I fell off the blogging bandwagon last month, skipping my blog for three weeks and feeling guilty about it.

I wrote a blog about this experience but lost it through some stupid copy-and-paste move. I’d written about how I’d failed to blog and also was excited about spring, but got too busy to actually write my blog. I said I thought about my blog late at night but was too tired to pop out of bed to write.

Finding time to blog in the busyness of everything, especially with that lost hour with the transition out of winter, can be difficult. I wrote something about finding the motivation to blog and the steps to go about it.

I wrote how motivation’s opposite is frustration, the result of encountering obstacles to a goal or project—like losing your work. It can be a feeling of being stuck, of not getting anywhere no matter what you try to do. Motivation, on the other hand, is the desire to do something and the drive to carry out a goal.
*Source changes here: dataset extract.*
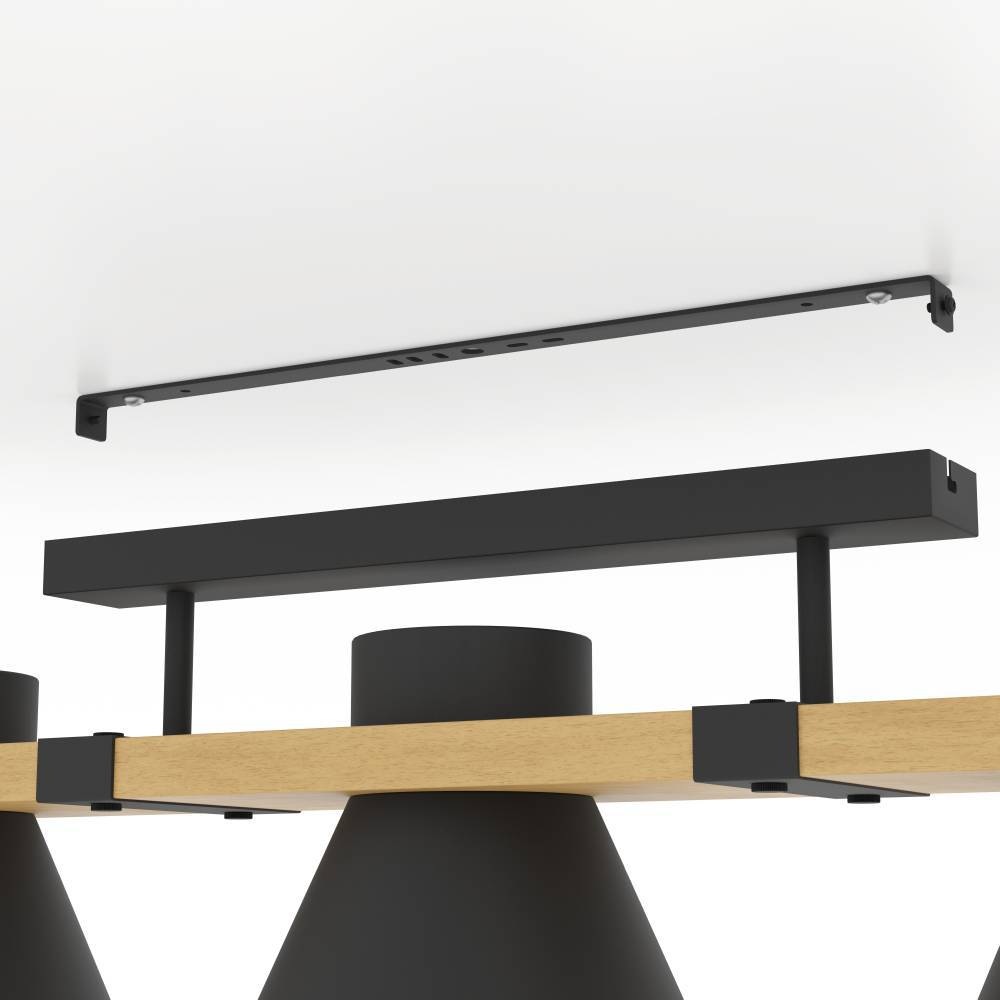 EGLO Deckenleuchte »MACCLES« E27 1 Stk. Deckenleuchte, Wohnzimmerlampe, Holz und Metall, Schwarz, Deckenspot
It is what causes you to act.

Finding Motivation

Here are some other thing to do to keep up the motivation to blog, write or do something you feel like you should (or want to) do.
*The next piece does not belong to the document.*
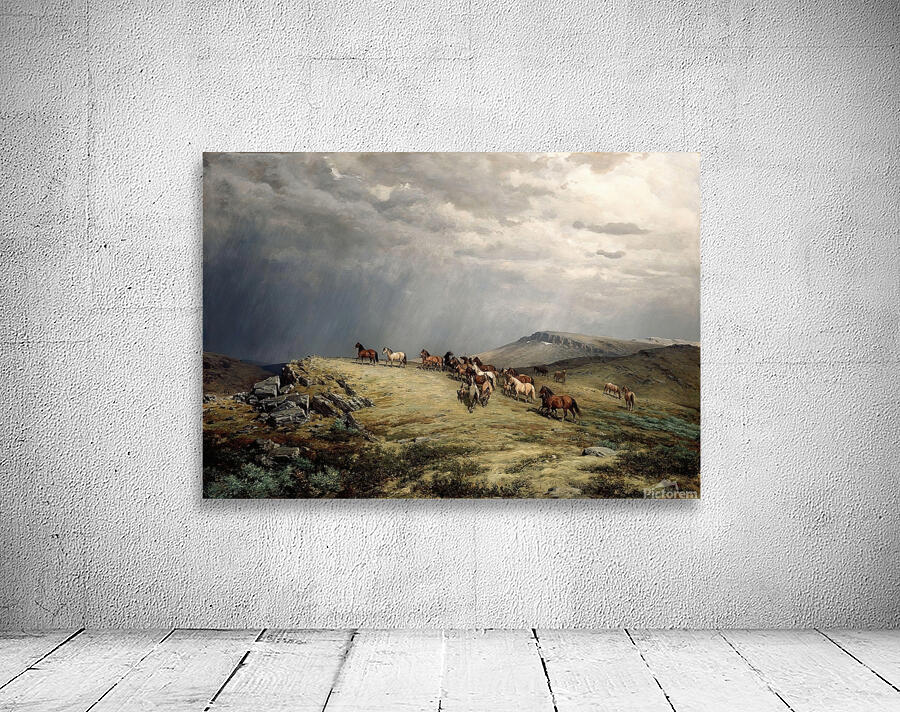 Horses in the Mountains [1889] by Peter Nicolai Arbo [1831–1892] Wall Preview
  • Remember your original goal or what you want to accomplish.
  • Set aside time each day or week, even five minutes at a time, to help you reach the goal.
  • Keep track of the steps you take and time you put in toward the goal.
  • Realize that setbacks will happen (I wanted to cry when I accidentally deleted what I wrote, but instead I rewrote my blog, even if it might not be the greatest piece of writing).
  • Take credit for each accomplishment toward the goal.
  • Don’t allow for excuses, at least most of the time.
  • Forgive yourself if you get sidetracked or frustrated.
  • No matter what, retain the commitment.

What Exactly is Motivation?

I looked it up and found that motivation, which can be intrinsic or extrinsic, has three components, that of:

  • Activation, or the decision to initiate a behavior.
  • Persistence, the continued effort toward a goal even though obstacles may exist.
  • Intensity, or the degree of concentration.

The key is to remember the goals and the eventual rewards and that, even with setbacks, things can get crossed off of that to-do list. And maybe you’ll get a like or two or a comment, like the old days of putting things on the fridge.